Peut-être faut-il se rappeler la distinction stoïcienne entre les choses qui dépendent de nous et celles qui n’en dépendent pas.
Sur celles qui ne dépendent pas de nous, gardons un regard méfiant, bref gardons la distance ou la garde comme on voudra. La terreur et la guerre ne dépendent pas de nous. Certaines protestations et dénonciations feignent de croire qu’elles ont voix au chapitre, plus dans les démocraties occidentales que chez les Talibans, par la vertu de l'”opinion publique”. Il nous faut abandonner ces illusions pour nous concentrer justement sur les autres choses, sur celles qui dépendent de nous.
La nature des mouvements qui tirent la mondialisation dans une direction dont ne veulent ni G.W. Bush, ni O. Ben Laden, dépend de nous.
C’est l’espace politique qui est devant nous. Selon ce que nous aurons su en faire, terreur et guerre seront efficaces, dangereux ou sans force.
Quelles que soient ses rubriques, ce numéro de Multitudes est une invitation sous plusieurs formes, de plusieurs points de vue, à penser à ce qui nous arrive, de l’intérieur, sans surdétermination de l’extérieur.
Penser sans chantage et penser aux extrêmes.
Deux considérations dans cette direction pour introduire au manifeste signé un peu partout des quatre coins du monde. Dans l’échange de vues que nous avons eu pour rédiger son texte à Munich, deux idées avaient été évoquées et ont disparu faute de place. Elles valent d’être rappelées :
La première a trait à la revanche du politique sur le monde des marchands qui espérait administrer directement les affaires du monde sans avoir besoin de la médiation des hommes politiques, du jeu institutionnel. D’aucuns du côté de nos “républicains” entonnent le chant de la victoire. Qu’ils fassent attention : si le politique demeure au service de la vieille stratégie nationale et des vieux contenus pré-mondialisation, son triomphe ne durera guère.

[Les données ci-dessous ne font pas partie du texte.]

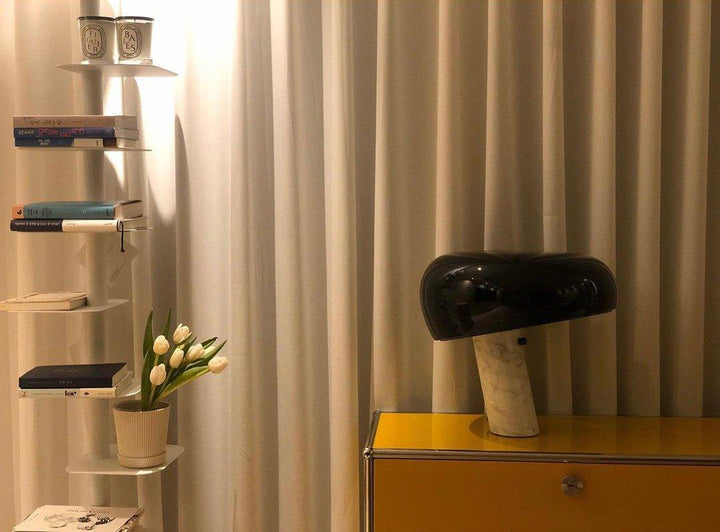 Marmurowa lampa dekoracyjna stołowa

La deuxième a trait à l’anti-américanisme européen : ceux qui ont rédigé la première mouture de cet appel aiment l’Amérique, celle de la Statue de la liberté à l’entrée du port de New-York (pas précisément le World Trade Center), celle qui tend les bras aux réprouvés de la terre entière qui fuient les persécutions, l’oppression économique. Ils aiment l’ouverture qui se manifeste dans la “Ville Globale”. Ils savent ce que la nouvelle culture de l’Internet doit à la culture américaine des campus universitaires. Ils n’aiment pas l’Amérique en revanche quand elle se met à ressembler aux vieilles puissances européennes du colonialisme, de l’oppression des minorités, de la guerre.